Back to my loneliness issue. So, here I am, I meet with three exceptional guys each Sunday morning. Doug, Claude and David. Great guys. Closer than real brothers. They are the epitome of what it means to be among a “band of brothers.” They will lay their lives down for me, and I for them. They will rescue me, if I need it, even from myself! They would give me the shirt off their backs, they would come to me at 3 AM, if I needed them. I count them as ver
y dear friends.
But there is more to just us men meeting and gathering together with Christ each Sunday morning at 7 AM. We need cross generational, and men, women and children, to come together. This is why I am feeling so lonely. There is no sense of family, belonging, and being more than ourselves. There is a genuine need to incarnationally have a fuller expression of Christ, as well as having it missionally expressed. I want to find a place where I can be myself, and not have to be known by my gifting, any more than by the job I work to earn my wages! I want to knit my heart with others who are knit to Christ, where I live, in my community, who have a sense of mission to the city, and a sense of mission to the province, and nation, and the world. But where are they? Where are the housechurch Christians in Kitchener Waterloo, fragmented and isolated from not only other housechurhes but even isolated from the wider body of Christ, who have no agenda, but what is on God’s heart, and His purposes to advance and release the Kingdom of God, right here, right now?
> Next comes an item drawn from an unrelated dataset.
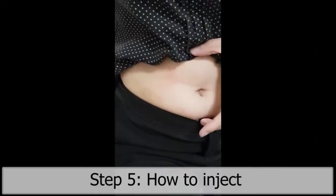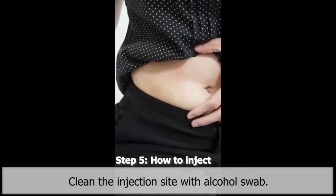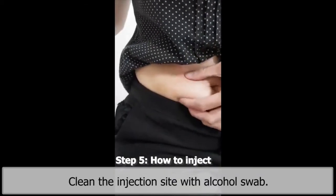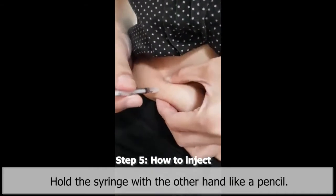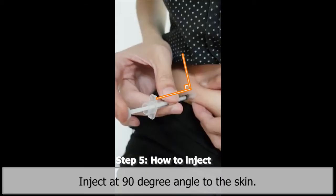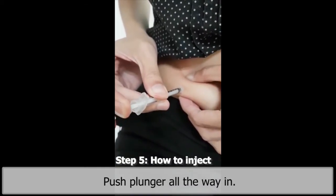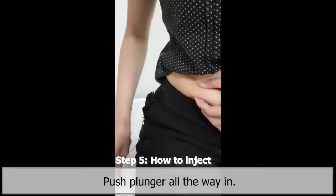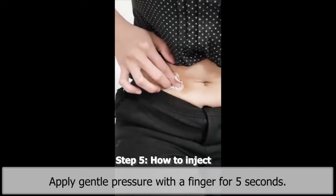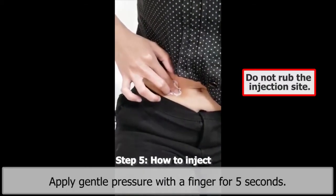Step 5. How to inject. Clean the injection site with an alcohol swab. Pinch a fold of skin. Hold the syringe with the other hand like a pencil. Inject at a 90 degree angle to the skin. Push the plunger all the way in. Remove the syringe and release the pinch at the same time. Apply gentle pressure over the injection site with a finger for five seconds. Do not rub the injection site.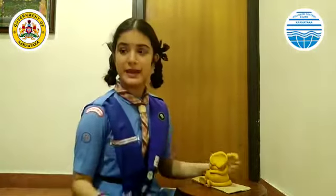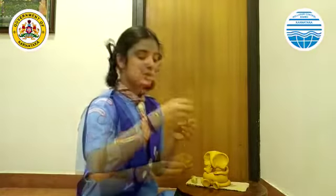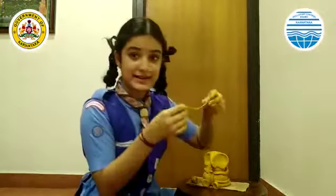Now I am going to place a palm. As you can see, I have already created the rack. I have used mustard seeds as the eyes. This is the snake around Ganapathy's waist, and the sacred thread.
My wife is not interested in repeating the errors of the housechurch. The personalities, the dysfunctions, the heart issues, the agendas that all these people bring to the table, at which they try to maneuver, and outflank each other, it all makes for lousy body life. She has no desire for it, the religious meeting place that it became has wrought with it a lot of pain and sorrow. She lost too much during those years, and right now she just needs to heal and needs to find a place to be herself, to be authentic and unpretentious, to be set free from having to please people and perform and do “ministry.” That is the last thing on her mind, and the last thing on my mind as well. We both yearn to just connect and relate relationally, and become friends and family, with other Christ followers. This is the loneliness that I feel, the lack of connection and belonging, a sense of community and mission.
So if you are feeling lonely, you are not alone. There are others like you, who want to belong to more than a meeting, to more than a ministry, who yearn for authentic relationships, and connections, and a sense of family and belonging. More than this, there is a deep sense that we want to belong to something that matters, such as our part in the Kingdom of God, and our place in the body of Christ. It is both “being” and “doing” and right now, the lack of one affects the other in a profound way.
“Father God, draw near to us, who are called by the name of Your Son Jesus. Draw us close, and pour out your love and grace upon us, and let us be comforted by Your Spirit and the word, that says that we are not orphans. We are not fatherless. We belong to You. Father, by Your Spirit, make connections with other believers, and allow us to discover, face to face, that we are not alone, and that we no longer have to feel this haunting loneliness. Lord, we commit ourselves to You, and to those who comprise the body of Christ. Amen.”